Circuit and operation
Basic potentiometric pH meters simply measure the voltage between two electrodes and display the result converted into the corresponding pH value. They comprise a simple electronic amplifier and a pair of probes, or a combination probe, and some form of display calibrated in pH. The probe is the key part: it is a rod-like structure usually made of glass, with a bulb containing the sensor at the bottom. Frequent calibration with solutions of known pH, perhaps before each use, ensures the best accuracy. To measure the pH of a solution, the probe is dipped into it.
Probe care and cleaning
Probes need to be kept clean of contamination as far as possible, and not touched by hand. Probes are best kept moist with a medium appropriate for the particular probe (distilled water, which can encourage diffusion out of the electrode, is undesirable) when not in use. If the bulb becomes contaminated with use it can be cleaned in the manner recommended by the manufacturer; a quick rinse in distilled water immediately after use, blotted (not wiped) off may be sufficient. One maker of laboratory-grade equipment gives different cleaning instructions for general cleaning (15' soak in a solution of bleach and detergent), salt (hydrochloric acid solution followed by sodium hydroxide and water), grease (detergent or methanol), clogged reference junction (KCl solution), protein deposits (pepsin and HCl, 1% solution), and air bubbles.
Calibration and use
For very precise work the pH meter should be calibrated before each measurement. For normal use calibration should be performed at the beginning of each day. The reason for this is that the glass electrode does not give a reproducible e.m.f. over longer periods of time
Calibration should be performed with at least two standard buffer solutions that span the range of pH values to be measured. For general purposes buffers at pH 4.00 and pH 10.00 are acceptable. The pH meter has one control (calibrate) to set the meter reading equal to the value of the first standard buffer and a second control which is used to adjust the meter reading to the value of the second buffer. A third control allows the temperature to be set. Standard buffer sachets, which can be obtained from a variety of suppliers, usually state how the buffer value changes with temperature. For more precise measurements, a three buffer solution calibration is preferred. As pH 7 is essentially, a "zero point" calibration (akin to zeroing or taring a scale or balance), calibrating at pH 7 first, calibrating at the pH closest to the point of interest (e.g. either 4 or 10) second and checking the third point will provide a more linear accuracy to what is essentially a non-linear problem.
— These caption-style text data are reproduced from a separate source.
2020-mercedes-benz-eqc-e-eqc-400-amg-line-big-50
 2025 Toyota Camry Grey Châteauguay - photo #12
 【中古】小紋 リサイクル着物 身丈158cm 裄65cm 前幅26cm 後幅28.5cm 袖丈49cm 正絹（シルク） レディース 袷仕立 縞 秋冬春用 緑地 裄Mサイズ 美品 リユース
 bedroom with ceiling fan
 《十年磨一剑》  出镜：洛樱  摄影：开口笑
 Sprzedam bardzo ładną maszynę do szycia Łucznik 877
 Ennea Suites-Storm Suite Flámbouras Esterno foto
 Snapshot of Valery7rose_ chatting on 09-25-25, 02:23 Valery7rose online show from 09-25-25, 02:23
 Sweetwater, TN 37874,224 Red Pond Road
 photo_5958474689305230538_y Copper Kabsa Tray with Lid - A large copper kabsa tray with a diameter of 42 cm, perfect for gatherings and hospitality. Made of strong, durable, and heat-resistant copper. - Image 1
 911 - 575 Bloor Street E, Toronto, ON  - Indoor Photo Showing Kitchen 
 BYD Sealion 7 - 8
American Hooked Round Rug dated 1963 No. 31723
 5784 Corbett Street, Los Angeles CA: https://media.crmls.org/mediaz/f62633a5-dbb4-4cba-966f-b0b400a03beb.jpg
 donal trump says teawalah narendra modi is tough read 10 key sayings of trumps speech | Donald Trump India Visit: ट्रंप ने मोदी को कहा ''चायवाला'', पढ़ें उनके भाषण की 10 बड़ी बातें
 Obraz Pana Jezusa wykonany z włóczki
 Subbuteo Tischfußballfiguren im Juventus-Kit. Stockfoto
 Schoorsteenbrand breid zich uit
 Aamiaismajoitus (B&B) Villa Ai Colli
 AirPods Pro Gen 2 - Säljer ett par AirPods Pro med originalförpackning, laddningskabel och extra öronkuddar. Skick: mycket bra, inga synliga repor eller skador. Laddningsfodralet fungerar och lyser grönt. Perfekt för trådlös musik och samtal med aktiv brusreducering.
Some meters will allow a three-point calibration and that is the preferred scheme for the most accurate work. Higher quality meters will have a provision to account for temperature coefficient correction, and high-end pH probes have temperature probes built in. The calibration process correlates the voltage produced by the probe (approximately 0.06 volts per pH unit) with the pH scale. After each single measurement, the probe is rinsed with distilled water or deionized water to remove any traces of the solution being measured, blotted with a scientific wipe to absorb any remaining water which could dilute the sample and thus alter the reading, and then quickly immersed in a solution suitable for storage of the particular probe type.
Types of pH meters
pH meters range from simple and inexpensive pen-like devices to complex and expensive laboratory instruments with computer interfaces and several inputs for indicator and temperature measurements to be entered to adjust for the variation in pH caused by temperature. Specialty meters and probes are available for use in special applications, harsh environments, etc. There are also holographic pH sensors, which allow pH measurement colorimetrically.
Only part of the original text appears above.